Chasing Your Tail

This week I spoke with a public official about whether to keep or redevelop an old exhibit hall.  A consultant claimed that every dollar spent there had six dollars of impact.  But with most of the spending from local people attending day shows, little of this “impact” was money new to the economy.  The “impact” number was like the RPM on an animal chasing its tail, and not a measure of how far or fast it was actually traveling.
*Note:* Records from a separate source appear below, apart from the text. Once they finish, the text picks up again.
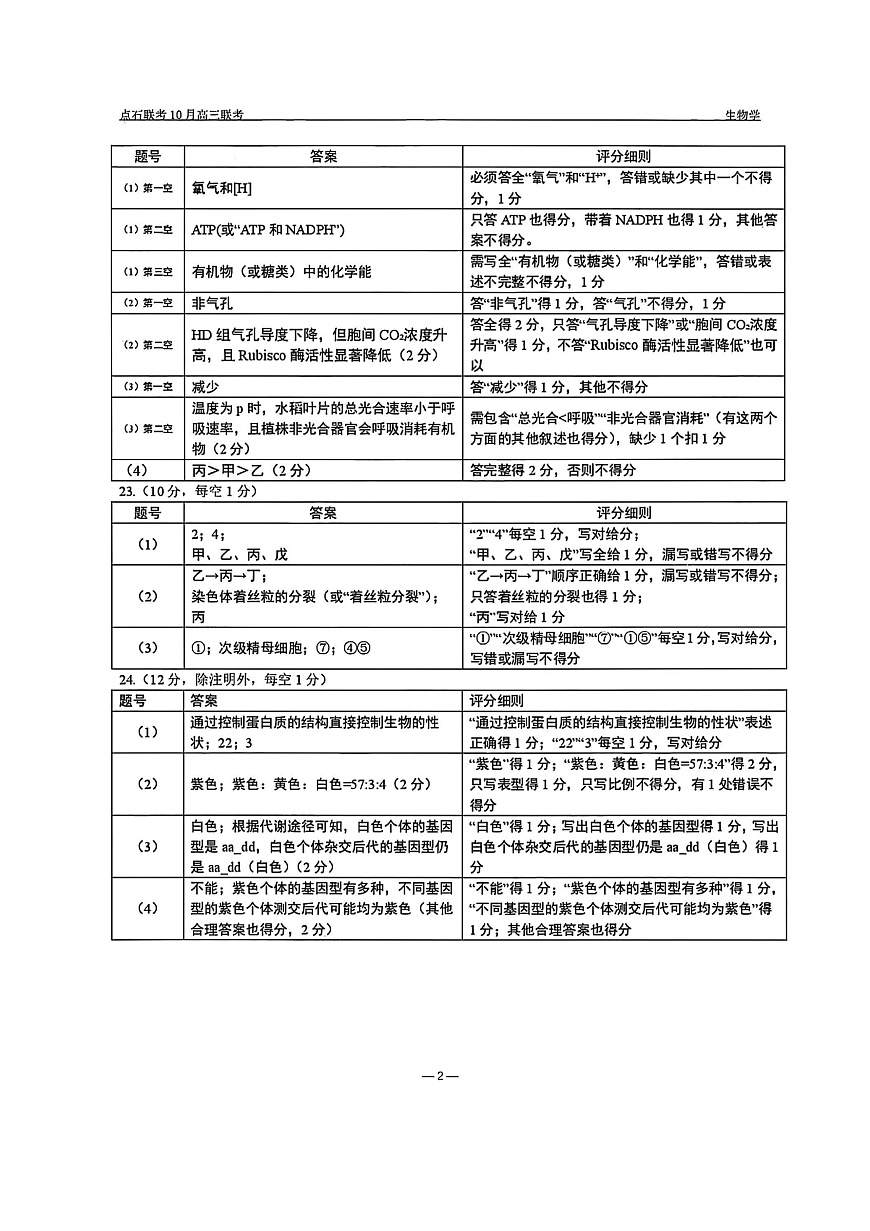 生物答案-辽宁点石联考2025-2026学年高三10月联合考试第2页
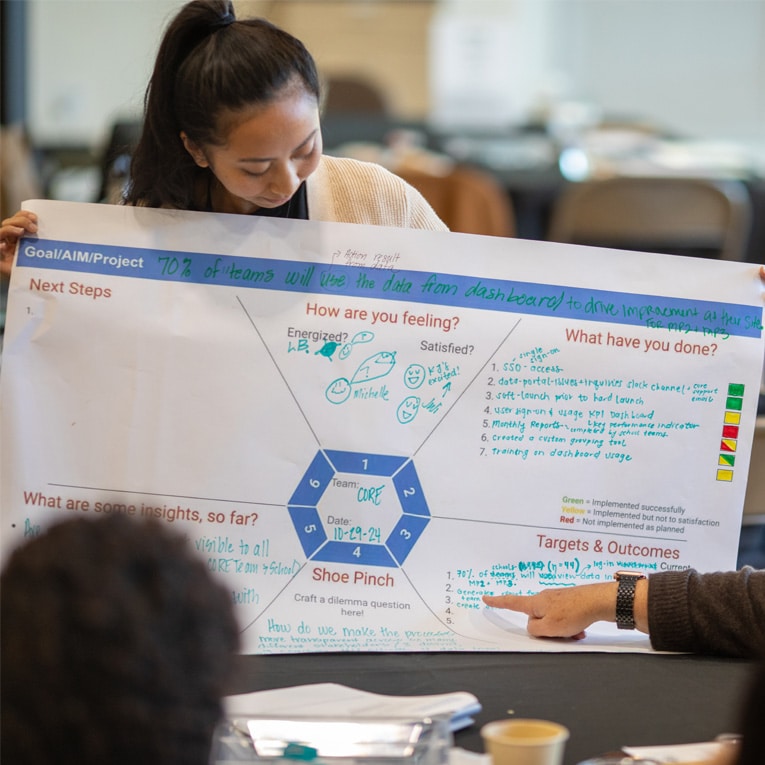 A woman holds a large poster with handwritten notes and diagrams during a group discussion at a workshop. Another person points to the poster, which includes colored charts and questions about feelings and team insights.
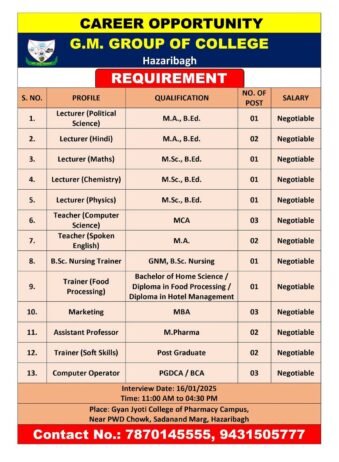 Teacher Recruitment at G.M. Group of College, Hazaribagh, Jharkhand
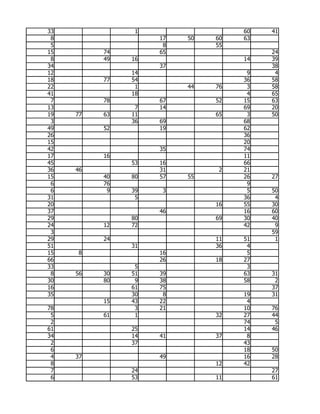 33              1                  60   41
 8                  17   50   60   63
 5                   8        55
15        74        65                  24
 8        49   16                  14   39
34                  37                  38
12             14                   9    4
18        77   54                  36   58
22              1        44   76    3   58
41             18                   4   65
 7        78        67        52   15   63
13              7   14             69   20
19   77   63   11             65    3   50
 3             36   69             68
49        52        19             62
26                                 36
15                                 20
42                  35             74
17        16                       11
45             53   16             66
36   46             31         2   21
15        40   80   57   55        26   27
 6        76                        9
 6         9   39    3              5   50
31              5                  36    4
20                            16   55   30
37                  46             16   60
29             80             69   30   40
24        12   72                  42    9
 3                                      59
29        24                  11   51    1
51             31             36    4
15   8              16              5
66                  26        18   27
33              5                   3
 8   56   30   51   39             63   31
30        80    9   38             58    2
16             61   75                  37
35             30    8             19   31
          15   43   22              4
78              3   21             10   76
 5        61    1             32   27   44
 2                                 74    5
61             25                  14   46
34             14   41        37    8
 2             37                  43
 6                                 18   50
 4   37             49             16   28
 8                            12   42
 7             24                       27
 6             53             11        61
Pride and prosperity--real wealth--comes from adding value in making and selling something to the world.  Several years ago the city manager of Port Townsend asked me to measure the economic importance of leading industries there, which include tourism and boatbuilding.  The single largest local private company is Safeway, which enjoys a good business selling beer and charcoal briquets to tourists.  Clearly, though, most of the money that comes in for this  goes back out to pay Budweiser and Kingsford for the cost of goods sold, a REIT for rent, and Puget Sound Electric for power.  Meanwhile, across town in the boatyard,  about 70 percent of  $500,000 repair contracts goes to local boatwrights, electricians, riggers, and naval architects.  Where do you think more of the spending stuck?  Which activity is really moving putting the food on the table for this place?  In practice, it takes both, but we need to give special attention to the “traded sector” activities that really bring the money in.